Reproduce every line of the listing as written, apart from the pictures.

THE DATA —
···

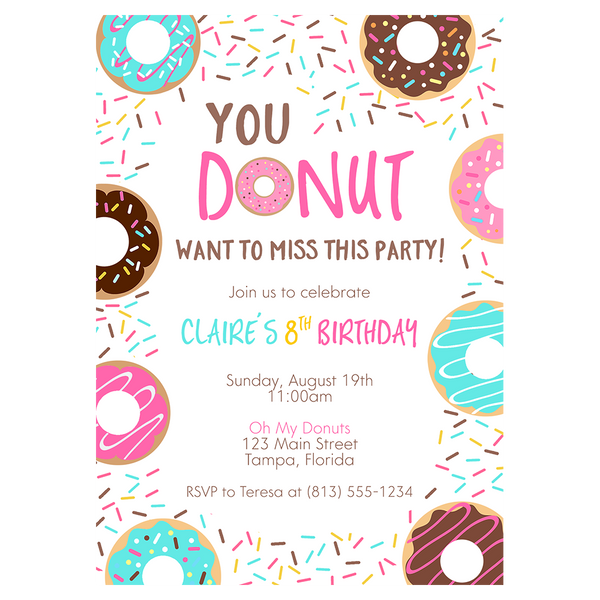 Donut Birthday Party Invitation The Invite Lady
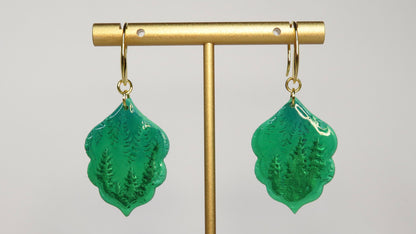 Forest Themed Moroccan Drop Shaped Earrings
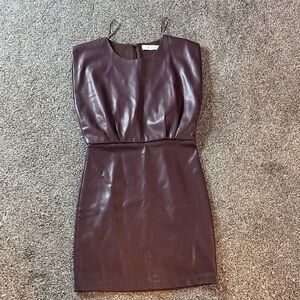 Bishop + Young Hayden Vegan Faux Leather Dress Chocolate Brown Size 4 Mini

···

OUTPUT FOR THIS TASK —
 Donut Birthday Party Invitation The Invite Lady
 Forest Themed Moroccan Drop Shaped Earrings
 Bishop + Young Hayden Vegan Faux Leather Dress Chocolate Brown Size 4 Mini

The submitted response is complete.